There are so many layers of deep meaning to these events, but we have time for only one more. To see this one, we need to return to the infancy of Jesus.

Jesus is just under six weeks old, and He is being dedicated at the Temple as was the Jewish custom. Joseph and Mary would carry their precious little bundle through the Gate that led into the Women’s Court (the only one that Mary was permitted to enter) in order to dedicate Him to God.

Luke tells us that when they got there, they presented their two offerings — one a thank offering and one a sin offering.

The THANK OFFERING for the Son God had given them was SUPPOSED to be a lamb. And the SIN OFFERING (the first one of many offered on behalf of a baby’s sin nature and future sins) was to be a dove.

But Joseph and Mary did not bring a lamb and a dove. They brought two doves. Why? According to Leviticus 12:8, IF THE NEW PARENTS WERE TOO POOR TO BRING A LAMB AND A DOVE, THEY WERE PERMITTED TO BRING TWO DOVES INSTEAD …

… One as a “Thank You” to God for their new baby boy, and the OTHER as a sin offering for Him. Once these were given, the woman’s time of ritual purification was officially ended, and the family returned home with God’s blessing.

Joseph and Mary brought the poor people’s offering. No lamb, but two doves.

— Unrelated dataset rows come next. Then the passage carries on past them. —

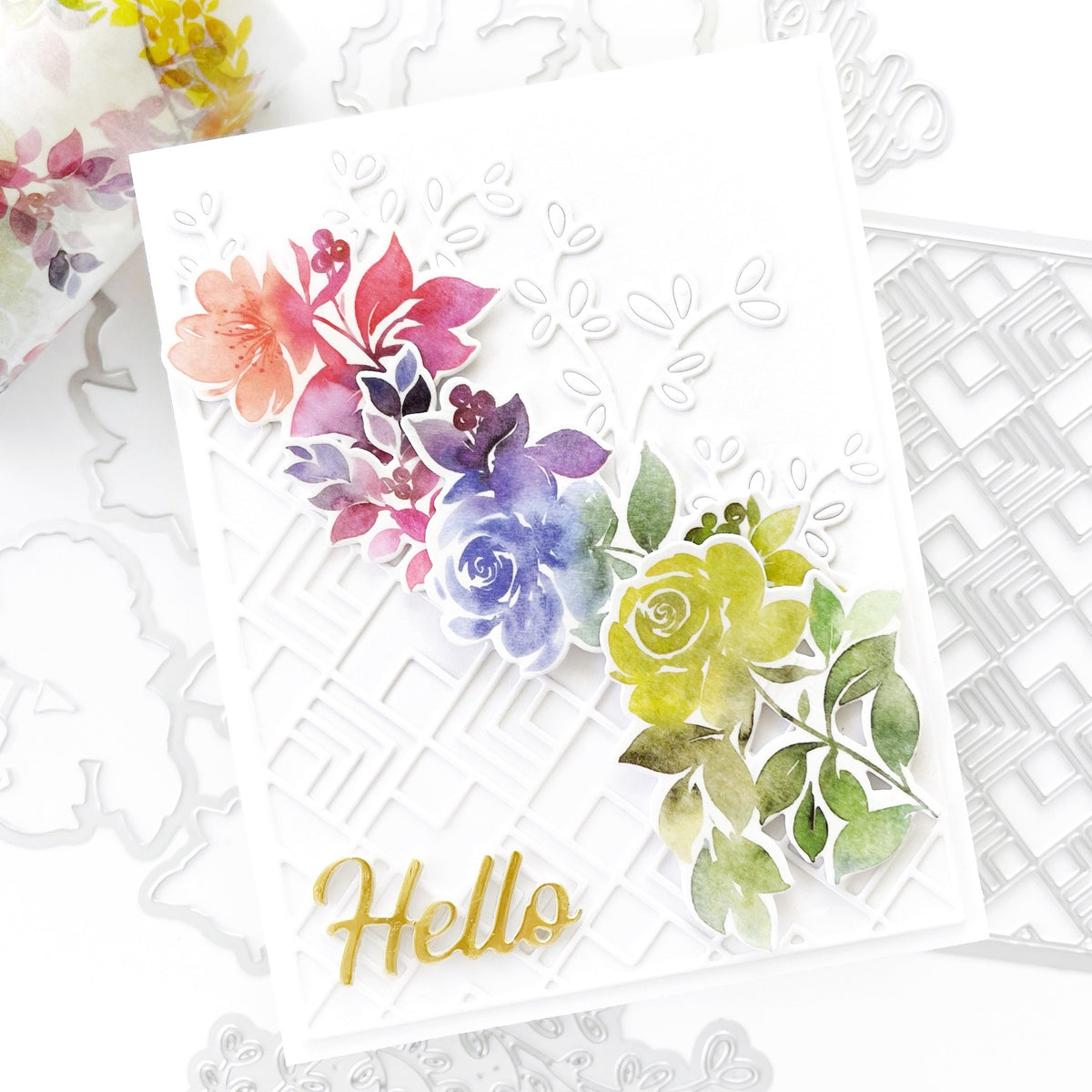 Rainbow Floral Washi die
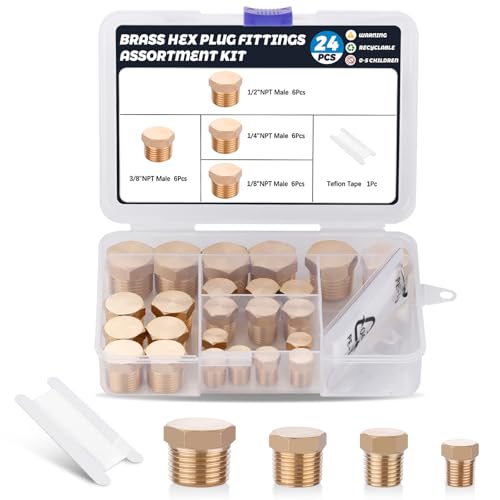 24PCS Brass Hex Pipe Plug Fittings,1/8" 1/4" 3/8" 1/2" NPT Male - style: Hex Plug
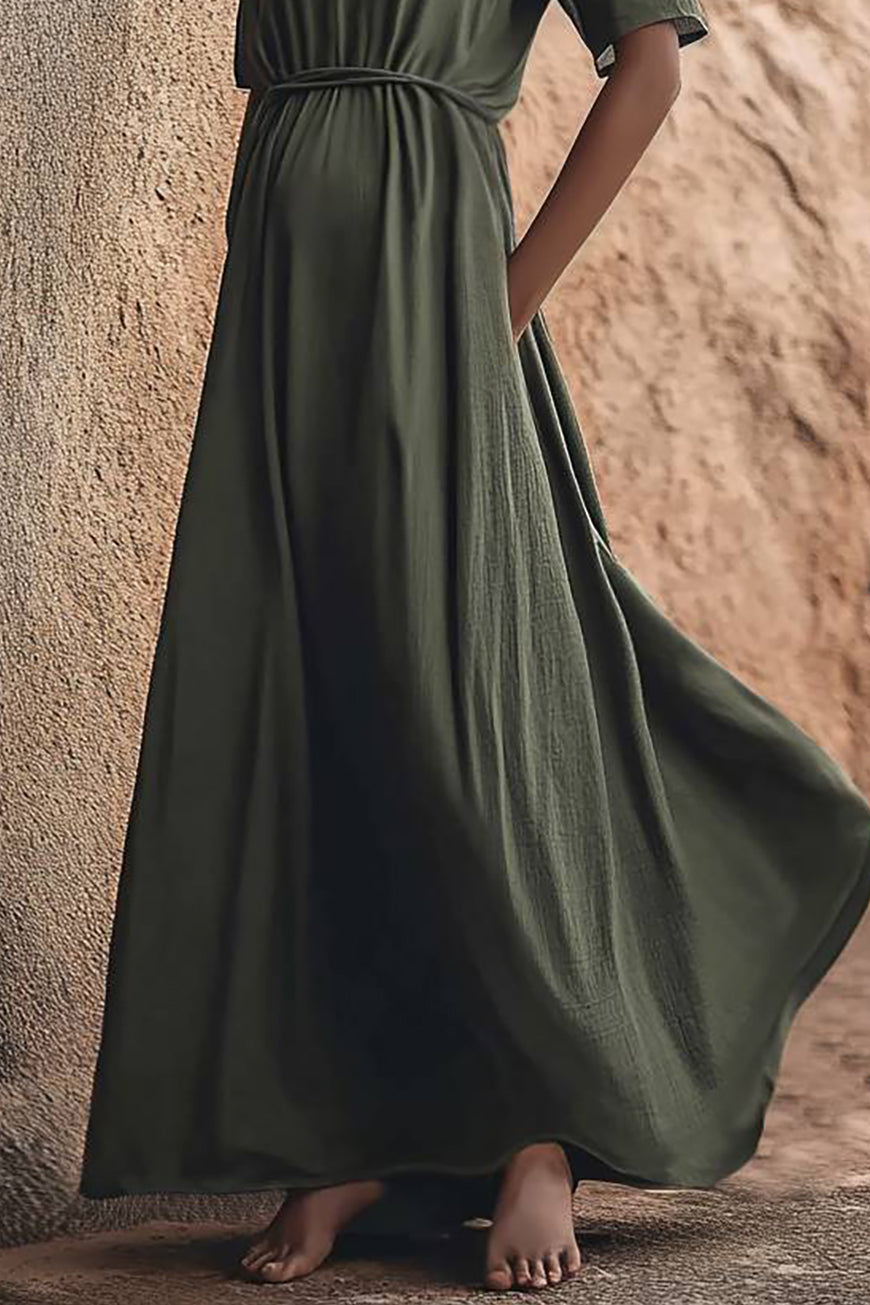 Bohemian Vintage V-neck Pocket Linen Flowing Maxi Dress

By this act they would have been saying (in the centuries-old tradition), “THANK YOU for this new little life you have given us. FORGIVE, O LORD, the sins that he will commit during his lifetime!” (This is the origin of the Jewish saying, “Mourn when a child is born, because you do not know what darkness he will have to face in his life, but rejoice when an old man dies, because he has run his race.”)

DO YOU SEE WHERE I AM GOING HERE? On the day that Jesus was baptized, our God, the ULTIMATE MASTER OF SYMBOLISM — returned one of the doves.

It is as if the Father said, “Yes, of course, you may be thankful for Him, and I accept the thank offering. But as to the sin offering? This is MY son. There is NO SIN NATURE in Him inherited from the father’s line. In Him I am WELL PLEASED.”

There are so many beautiful layers to the history of Jesus! ONLY GOD could weave history and symbolism and doctrine and ritual into a braid that He laid upon the shoulders of His Son.

ALL OF HISTORY CLIMAXED IN THE LIFE OF JESUS — and HIS life is now in YOU!

And through HIM the Father says, “You are now My sons and daughters, and no further sacrifice is necessary. In you I am well pleased, because you are now in Him!!”